Os dados têm-nos revelado que os evangélicos e pentecostais constituem hoje “a religião mais negra do país”, sendo a preferência principal a Assembleia de Deus. O autor mostra que “para muitos negros e pardos que são encarcerados ou se tornam dependente de drogas baratas como o crack, o pentecostalismo constitui hoje um caminho para a reintegração à sociedade”. Adverte também que “para as pessoas dispostas a romper o vínculo com o álcool, as igrejas servem como rede social alternativa aos bares e às amizades formadas em virtude do vício”. O crescimento desse cristianismo evangélico, como indica Spyer, “tem menos a ver com pastores oportunistas e carismáticos, e mais com a influência das igrejas para melhorar as condições de vida dos mais pobres
As igrejas evangélicas, como mostra Spyer, constituem um “espaço que, na localidade em que se instala, cumpre a função de estado de bem-estar social informal”. É contra “estereótipos” comuns em segmentos da esquerda, que Spyer se contrapõe, com base em pesquisas sólidas em torno do mundo evangélico e pentecostal. Dentre os estereótipos mais comuns estão aqueles que “descrevem o evangélico como mercador da fé que se aproveita da superstição de um povo ingênuo e ignorante”.

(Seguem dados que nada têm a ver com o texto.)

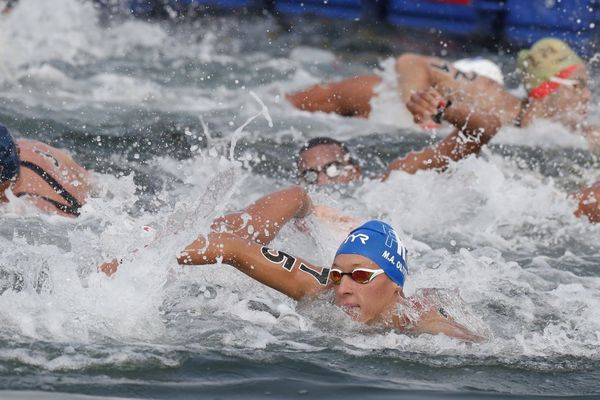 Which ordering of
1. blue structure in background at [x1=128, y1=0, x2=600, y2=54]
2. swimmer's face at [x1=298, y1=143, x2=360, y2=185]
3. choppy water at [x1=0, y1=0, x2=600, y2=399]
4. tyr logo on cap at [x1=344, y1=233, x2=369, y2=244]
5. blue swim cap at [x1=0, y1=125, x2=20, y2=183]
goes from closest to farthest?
choppy water at [x1=0, y1=0, x2=600, y2=399], tyr logo on cap at [x1=344, y1=233, x2=369, y2=244], blue swim cap at [x1=0, y1=125, x2=20, y2=183], swimmer's face at [x1=298, y1=143, x2=360, y2=185], blue structure in background at [x1=128, y1=0, x2=600, y2=54]

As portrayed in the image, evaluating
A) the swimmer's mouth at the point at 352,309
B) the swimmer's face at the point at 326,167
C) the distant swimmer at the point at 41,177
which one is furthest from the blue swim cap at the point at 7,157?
the swimmer's face at the point at 326,167

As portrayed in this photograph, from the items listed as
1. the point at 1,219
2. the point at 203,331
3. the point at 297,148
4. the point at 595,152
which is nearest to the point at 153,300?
the point at 203,331

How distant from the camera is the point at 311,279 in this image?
225 inches

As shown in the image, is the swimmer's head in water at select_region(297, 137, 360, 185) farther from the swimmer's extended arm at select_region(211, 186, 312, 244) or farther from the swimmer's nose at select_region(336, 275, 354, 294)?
the swimmer's nose at select_region(336, 275, 354, 294)

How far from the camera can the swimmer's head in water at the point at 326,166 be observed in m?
8.48

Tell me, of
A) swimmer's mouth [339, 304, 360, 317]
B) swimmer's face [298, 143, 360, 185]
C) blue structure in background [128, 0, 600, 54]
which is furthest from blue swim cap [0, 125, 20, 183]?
blue structure in background [128, 0, 600, 54]

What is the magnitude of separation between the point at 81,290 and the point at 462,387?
5.80 feet

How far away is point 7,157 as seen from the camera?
6.22 metres

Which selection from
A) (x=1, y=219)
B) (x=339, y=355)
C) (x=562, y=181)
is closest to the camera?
(x=339, y=355)

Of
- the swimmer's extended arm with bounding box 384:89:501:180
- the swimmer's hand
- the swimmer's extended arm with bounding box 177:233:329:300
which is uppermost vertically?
the swimmer's extended arm with bounding box 384:89:501:180

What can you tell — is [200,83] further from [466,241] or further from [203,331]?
Result: [203,331]

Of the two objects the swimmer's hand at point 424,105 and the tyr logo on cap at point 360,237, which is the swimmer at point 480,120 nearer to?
the swimmer's hand at point 424,105

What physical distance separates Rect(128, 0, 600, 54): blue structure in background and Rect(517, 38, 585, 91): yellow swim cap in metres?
3.30

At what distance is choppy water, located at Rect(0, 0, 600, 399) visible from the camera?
4961 mm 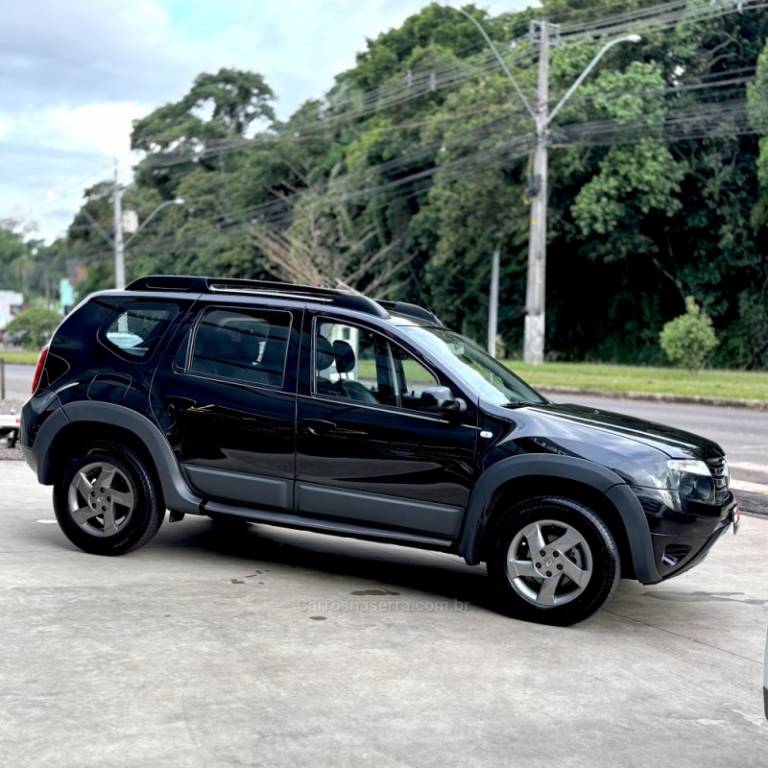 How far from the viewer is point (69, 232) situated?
Result: 9056 cm

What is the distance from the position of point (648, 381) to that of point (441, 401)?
1972 cm

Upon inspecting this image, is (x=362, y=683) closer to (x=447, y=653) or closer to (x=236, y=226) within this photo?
(x=447, y=653)

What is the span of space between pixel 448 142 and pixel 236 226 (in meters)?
27.2

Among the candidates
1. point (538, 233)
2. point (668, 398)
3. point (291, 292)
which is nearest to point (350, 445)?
point (291, 292)

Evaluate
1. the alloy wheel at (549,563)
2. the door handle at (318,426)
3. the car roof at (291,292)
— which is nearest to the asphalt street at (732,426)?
the car roof at (291,292)

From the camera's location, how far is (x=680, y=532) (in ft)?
18.5

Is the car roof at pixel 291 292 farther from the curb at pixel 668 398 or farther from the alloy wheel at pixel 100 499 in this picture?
the curb at pixel 668 398

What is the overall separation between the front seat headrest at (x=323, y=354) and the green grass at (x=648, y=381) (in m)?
15.5

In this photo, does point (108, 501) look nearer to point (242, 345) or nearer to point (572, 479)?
point (242, 345)

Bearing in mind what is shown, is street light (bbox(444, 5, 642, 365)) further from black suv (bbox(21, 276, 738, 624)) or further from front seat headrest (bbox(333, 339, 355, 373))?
front seat headrest (bbox(333, 339, 355, 373))

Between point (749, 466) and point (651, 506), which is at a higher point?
point (651, 506)

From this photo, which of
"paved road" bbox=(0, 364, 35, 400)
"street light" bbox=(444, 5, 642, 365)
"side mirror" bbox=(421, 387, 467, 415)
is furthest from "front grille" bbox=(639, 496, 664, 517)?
"street light" bbox=(444, 5, 642, 365)

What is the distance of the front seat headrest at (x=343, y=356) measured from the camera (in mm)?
6453

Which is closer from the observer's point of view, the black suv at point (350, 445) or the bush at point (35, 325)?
the black suv at point (350, 445) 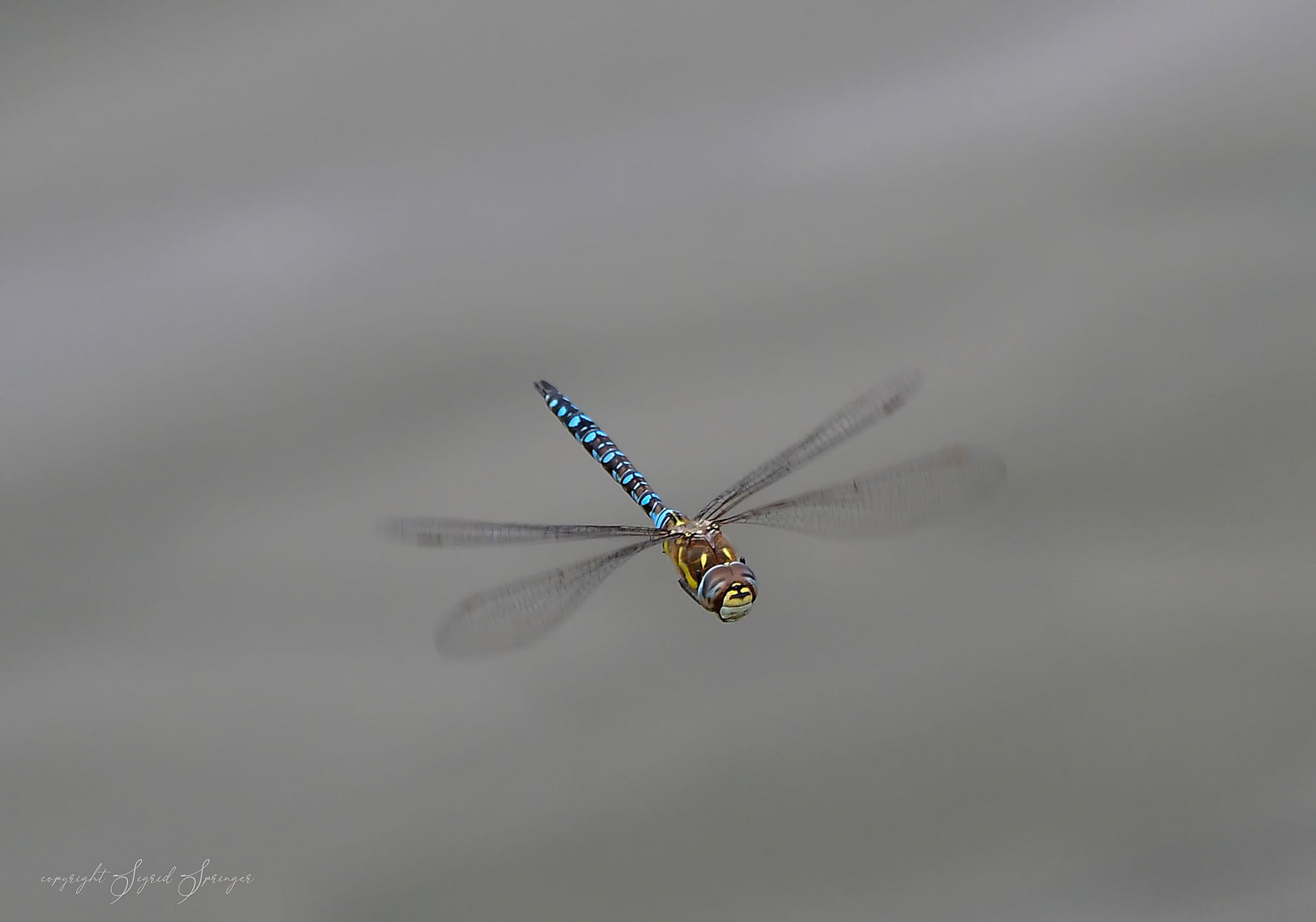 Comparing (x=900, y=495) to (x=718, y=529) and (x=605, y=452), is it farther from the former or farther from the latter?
(x=605, y=452)

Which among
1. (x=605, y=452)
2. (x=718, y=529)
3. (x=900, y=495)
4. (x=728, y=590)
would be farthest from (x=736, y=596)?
(x=605, y=452)

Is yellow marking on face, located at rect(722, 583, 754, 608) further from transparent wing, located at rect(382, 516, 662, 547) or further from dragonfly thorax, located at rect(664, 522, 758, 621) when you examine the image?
transparent wing, located at rect(382, 516, 662, 547)

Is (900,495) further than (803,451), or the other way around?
(803,451)

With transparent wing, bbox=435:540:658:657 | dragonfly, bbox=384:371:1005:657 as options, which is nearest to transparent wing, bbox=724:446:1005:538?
dragonfly, bbox=384:371:1005:657

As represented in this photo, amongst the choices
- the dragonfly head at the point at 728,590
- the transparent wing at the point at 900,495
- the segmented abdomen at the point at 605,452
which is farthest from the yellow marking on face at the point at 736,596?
the segmented abdomen at the point at 605,452

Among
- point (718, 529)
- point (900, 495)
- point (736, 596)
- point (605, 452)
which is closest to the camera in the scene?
point (736, 596) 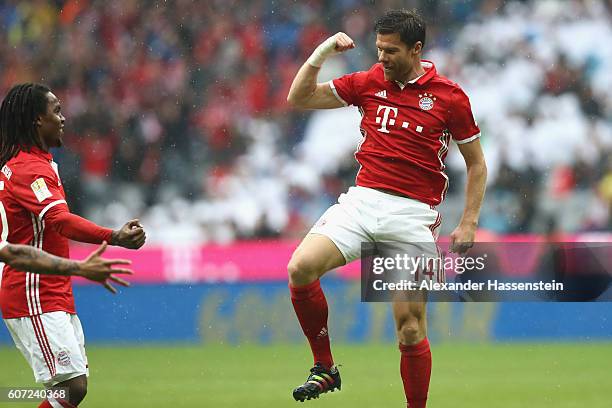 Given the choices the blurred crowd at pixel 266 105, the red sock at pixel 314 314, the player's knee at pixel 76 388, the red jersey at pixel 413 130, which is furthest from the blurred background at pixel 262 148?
the player's knee at pixel 76 388

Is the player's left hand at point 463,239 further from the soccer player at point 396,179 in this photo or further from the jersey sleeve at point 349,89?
the jersey sleeve at point 349,89

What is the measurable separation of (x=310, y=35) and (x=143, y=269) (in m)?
5.10

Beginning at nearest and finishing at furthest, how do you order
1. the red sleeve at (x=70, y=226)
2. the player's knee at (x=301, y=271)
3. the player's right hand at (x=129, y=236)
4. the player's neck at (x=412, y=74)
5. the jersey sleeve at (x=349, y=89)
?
the red sleeve at (x=70, y=226) < the player's right hand at (x=129, y=236) < the player's knee at (x=301, y=271) < the player's neck at (x=412, y=74) < the jersey sleeve at (x=349, y=89)

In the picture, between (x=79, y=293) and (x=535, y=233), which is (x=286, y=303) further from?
(x=535, y=233)

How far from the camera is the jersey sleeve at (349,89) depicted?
6.85m

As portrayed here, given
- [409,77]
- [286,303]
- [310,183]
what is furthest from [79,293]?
[409,77]

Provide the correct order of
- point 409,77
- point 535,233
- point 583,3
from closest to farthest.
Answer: point 409,77
point 535,233
point 583,3

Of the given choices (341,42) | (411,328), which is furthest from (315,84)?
(411,328)

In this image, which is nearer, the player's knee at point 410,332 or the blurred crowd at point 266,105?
the player's knee at point 410,332

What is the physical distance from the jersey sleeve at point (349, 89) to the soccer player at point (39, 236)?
1.62m

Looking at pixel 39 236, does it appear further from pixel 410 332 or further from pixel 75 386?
pixel 410 332

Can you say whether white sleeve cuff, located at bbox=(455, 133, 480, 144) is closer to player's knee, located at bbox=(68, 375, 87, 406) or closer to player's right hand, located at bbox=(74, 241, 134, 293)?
player's right hand, located at bbox=(74, 241, 134, 293)

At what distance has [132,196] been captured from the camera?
1488 centimetres

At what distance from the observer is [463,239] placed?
6.63 metres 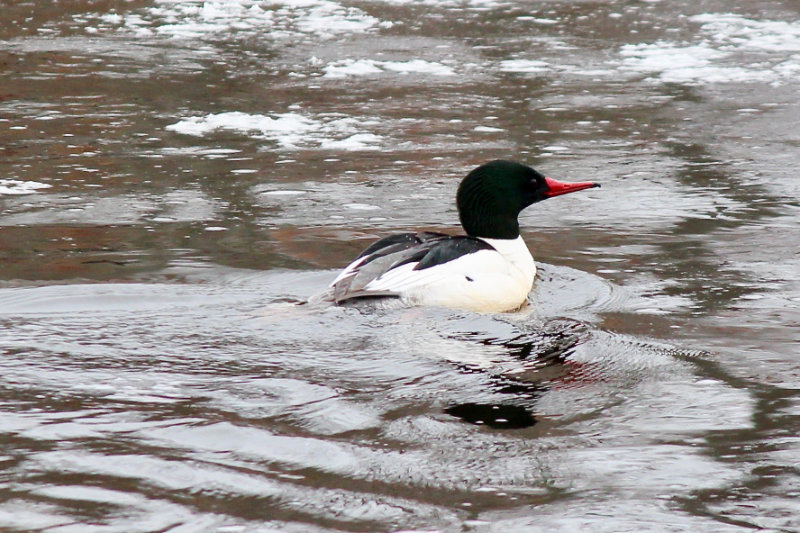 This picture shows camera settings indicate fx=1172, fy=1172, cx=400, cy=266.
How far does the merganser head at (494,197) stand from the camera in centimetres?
618

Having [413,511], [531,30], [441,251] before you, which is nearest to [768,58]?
[531,30]

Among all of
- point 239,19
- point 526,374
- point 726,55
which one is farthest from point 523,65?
point 526,374

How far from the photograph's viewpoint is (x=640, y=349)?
4848mm

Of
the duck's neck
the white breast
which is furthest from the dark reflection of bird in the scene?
the duck's neck

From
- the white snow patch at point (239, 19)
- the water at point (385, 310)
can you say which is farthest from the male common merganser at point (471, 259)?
the white snow patch at point (239, 19)

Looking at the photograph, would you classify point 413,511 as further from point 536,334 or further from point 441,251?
point 441,251

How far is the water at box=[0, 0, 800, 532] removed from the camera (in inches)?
137

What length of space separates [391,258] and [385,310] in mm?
256

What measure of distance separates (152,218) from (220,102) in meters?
2.92

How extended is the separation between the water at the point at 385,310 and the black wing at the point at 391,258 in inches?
5.9

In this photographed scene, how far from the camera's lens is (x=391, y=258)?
18.2ft

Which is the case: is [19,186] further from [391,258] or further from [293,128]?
[391,258]

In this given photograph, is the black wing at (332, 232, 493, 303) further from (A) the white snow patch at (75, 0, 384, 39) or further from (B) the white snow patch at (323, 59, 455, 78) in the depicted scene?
(A) the white snow patch at (75, 0, 384, 39)

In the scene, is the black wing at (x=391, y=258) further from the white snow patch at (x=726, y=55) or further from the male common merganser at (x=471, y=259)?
the white snow patch at (x=726, y=55) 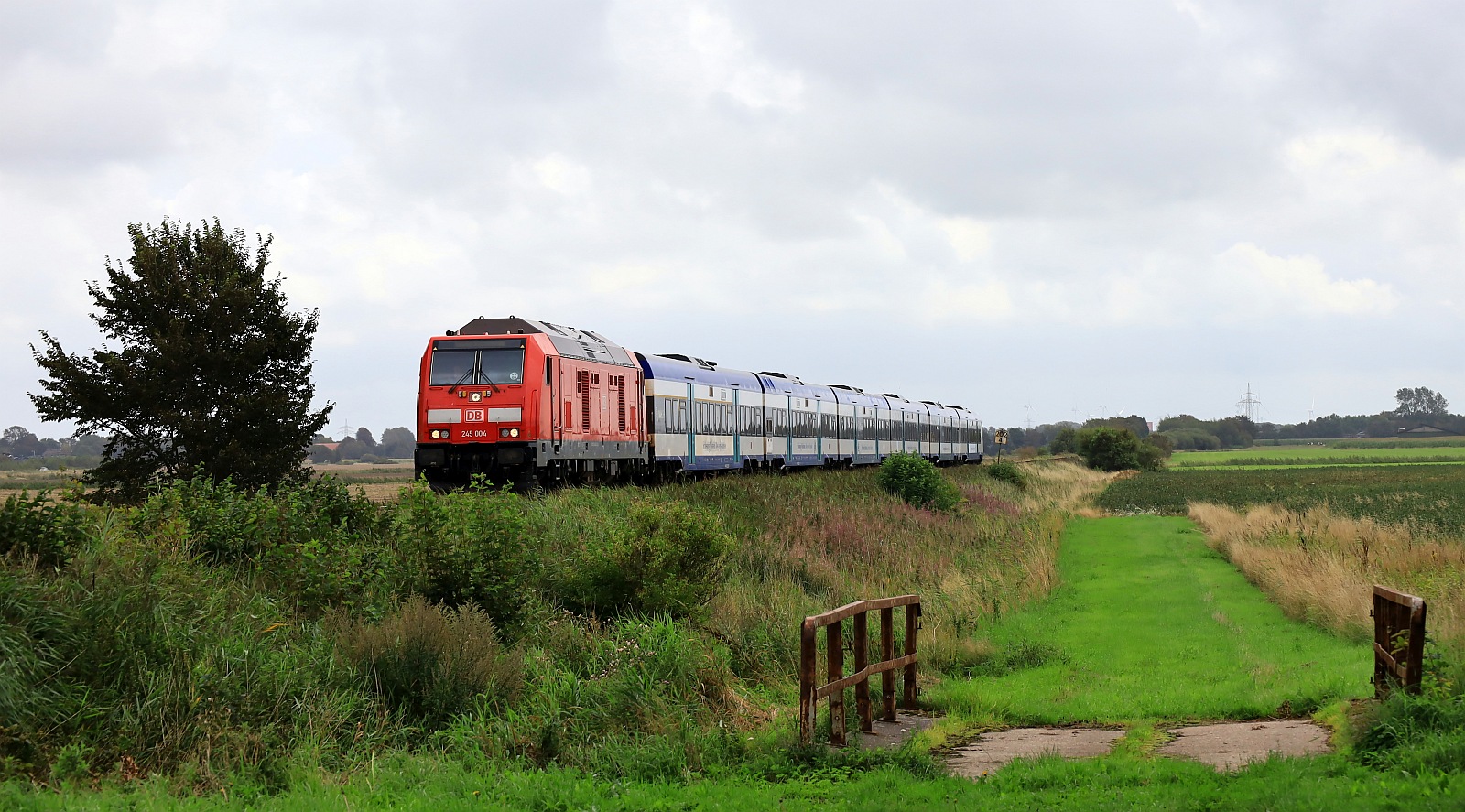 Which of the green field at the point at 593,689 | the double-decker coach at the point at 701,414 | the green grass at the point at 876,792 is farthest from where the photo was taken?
the double-decker coach at the point at 701,414

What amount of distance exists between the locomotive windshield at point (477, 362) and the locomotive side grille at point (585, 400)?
8.54ft

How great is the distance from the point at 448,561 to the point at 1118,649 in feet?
32.3

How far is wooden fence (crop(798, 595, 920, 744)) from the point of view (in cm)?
1080

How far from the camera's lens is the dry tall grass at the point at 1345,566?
18.5 m

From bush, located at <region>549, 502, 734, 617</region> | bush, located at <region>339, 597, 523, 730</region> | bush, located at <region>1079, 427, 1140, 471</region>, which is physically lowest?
bush, located at <region>339, 597, 523, 730</region>

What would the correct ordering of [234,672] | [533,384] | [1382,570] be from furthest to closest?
[533,384] → [1382,570] → [234,672]

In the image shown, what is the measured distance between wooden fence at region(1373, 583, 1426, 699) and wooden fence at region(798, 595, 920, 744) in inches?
173

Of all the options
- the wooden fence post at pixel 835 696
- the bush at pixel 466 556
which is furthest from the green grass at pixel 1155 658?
the bush at pixel 466 556

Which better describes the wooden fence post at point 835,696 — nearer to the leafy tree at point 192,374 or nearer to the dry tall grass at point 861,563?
the dry tall grass at point 861,563

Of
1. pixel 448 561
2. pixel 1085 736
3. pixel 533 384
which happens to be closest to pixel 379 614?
pixel 448 561

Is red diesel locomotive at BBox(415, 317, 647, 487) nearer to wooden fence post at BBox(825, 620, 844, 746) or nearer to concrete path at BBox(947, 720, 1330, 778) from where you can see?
concrete path at BBox(947, 720, 1330, 778)

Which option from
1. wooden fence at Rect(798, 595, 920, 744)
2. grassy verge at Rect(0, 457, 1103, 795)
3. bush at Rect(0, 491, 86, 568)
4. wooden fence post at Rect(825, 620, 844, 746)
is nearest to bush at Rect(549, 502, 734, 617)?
grassy verge at Rect(0, 457, 1103, 795)

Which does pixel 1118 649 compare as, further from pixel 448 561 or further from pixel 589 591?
pixel 448 561

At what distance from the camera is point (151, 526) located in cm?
1605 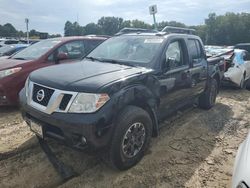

Nesse livro, que foi admirado por Lula, o autor sublinha que a promessa apresentada pelos pentecostais, diferentemente do que ocorria nessas igrejas da década de 1920, refere-se ao paraíso que deve ser buscado já aqui no tempo. A própria ideia de “teologia da prosperidade” pode ser entendida de forma diversa do que normalmente apresentada. Firma-se uma percepção de que “a Terra é uma dádiva de Deus aos homens para que todos possam prosperar e viver com abundância de bens materiais”. É uma teologia que acaba firmando-se como um “demarcador simbólico”, onde os pobres encontram o estímulo e motivação para iniciativas singulares. A preocupação dos fiéis não é tanto com as grandes abstrações, mas com o que vem acontecendo nas suas famílias e igrejas, e como encontrar soluções de saída para o desamparo social.
O que concretamente sabemos, segundo os dados que vão aparecendo, e que poderão ser confirmados pelo Censo que agora começa, é que os evangélicos no Brasil superarão já na próxima década o número de católicos. Temos como desafio essencial buscar um olhar mais especializado e menos a-priorístico sobre os evangélicos e pentecostais, que possa dar conta da grande complexidade que envolve o tema.